Convective Models of Jupiter’s Zonal Jets with Realistic and Hyper-Energetic Excitation Source ()
1. Introduction
The alternating wind bands observed on Jupiter (e.g., Smith et al. [1] [2]; Porco et al. [3] ) have been simulated with numerical models that can be placed in two groups. One is confined to the stable region in the clouds and accounts for horizontal cascading of turbulence (e.g., Rhines [4]; Marcus et al. [5]; Showman et al. [6] ). The other class of models extends below the cloud top and accounts for convective energy transport from the interior (e.g., Busse [7]; Mayr et al. [8]; Sun et al. [9]; Ingersoll et al. [10]; Zhang and Schubert [11]; Christensen [12]; Aurnou and Olson [13]; Heimpel and Aurnou [14]; Chan and Mayr [15] [16]; Cai and Chan [17] ).

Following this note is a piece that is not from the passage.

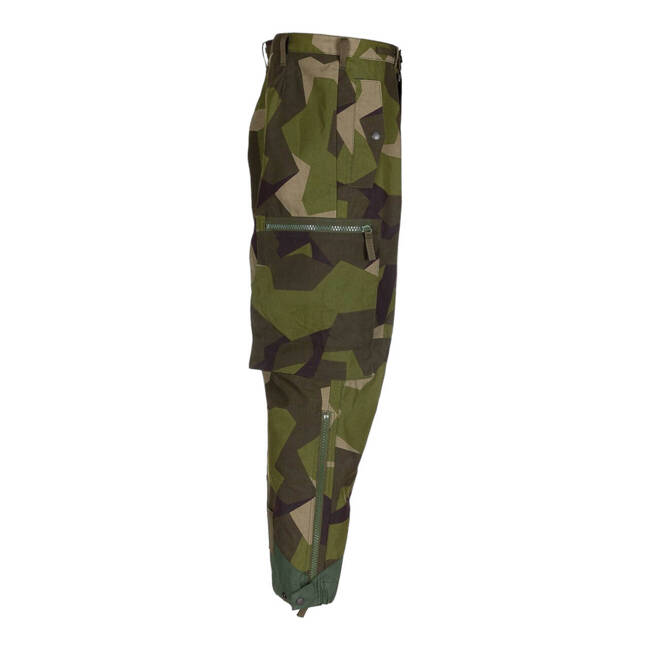 COMBAT PANTS - M90 CAMO - MILITARY SURPLUS FROM SWEDISH ARMY - LIKE NEW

In this paper, we present simulations of Jupiter’s alternating wind bands generated by convection. The numerical models are nonlinear and three dimensional, applied to a gas that is stratified and compressible. Two solutions are discussed, one for a shallow envelope 0.6% of planetary radius, the other one 5% deep more commensurate with reality. For the shallow model (SM), the small planetary energy flux from the interior was applied together with the corresponding low kinematic viscosity. For the deep model (DM), the applied energy and viscosity had to be much larger to achieve sufficient fast thermal relaxation with manageable computer time, conceptually similar to the deep convective models that have appeared in print.

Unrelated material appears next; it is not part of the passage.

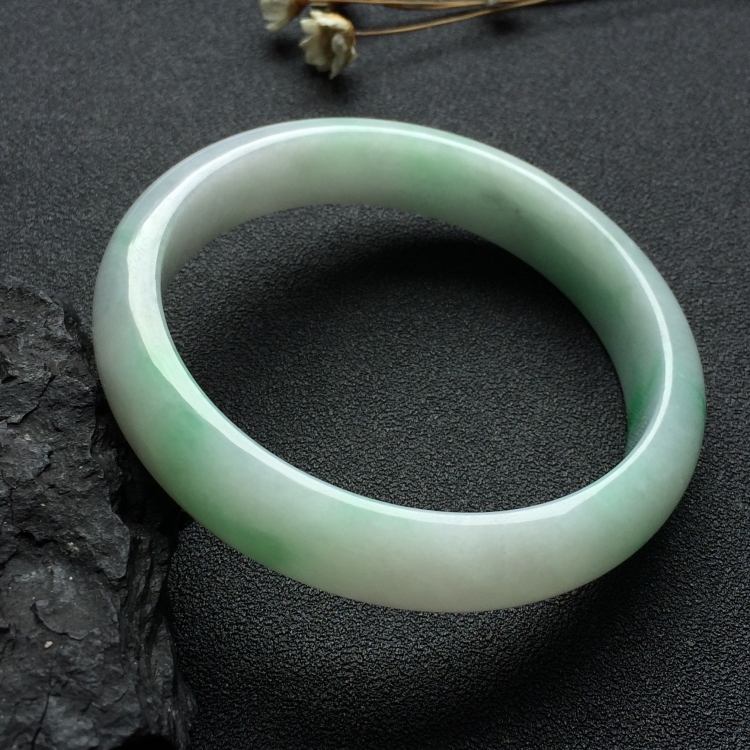 （超值推荐）糯冰种飘翠手镯（56mm）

The mean zonal winds generated with SM and DM differ markedly, varying radially with altitude and aligned along Taylor columns, respectively, and they are discussed in light of the computed meridional winds.
2. Numerical Models
The numerical models discussed are based on a series of earlier studies (Chan and Sofia [18] [19]; Chan et al. [20]; Chan [21] [22]; Chan and Mayr [15] ). Jupiter’s atmosphere is treated as an ideal gas, and a uniform energy flux is applied at the bottom. The energy is carried by convection over 95% of the layer, and it is emitted by radiative diffusion from a thin stable layer at the top. The vertical component of the Coriolis force is accounted for, which figures prominently in the momentum budget. A uniform kinematic viscosity is adopted to dissipate the kinetic energy generated by convection, with the Prandtl number set to 1/3. Stress-free and impenetrable boundary conditions are applied at the top and bottom.
2.1. Shallow Model (SM)
The numerical code employs the transformed spectral procedure with associated vector spherical harmonics and solves the time-dependent 3D nonlinear Navier Stokes equations (Chan et al. [20]; Chan and Mayr [15] ). The solution procedure is carried out in two stages. For each time step, the linearized equations are solved implicitly in spectral space, and the nonlinear terms are then computed explicitly in physical space.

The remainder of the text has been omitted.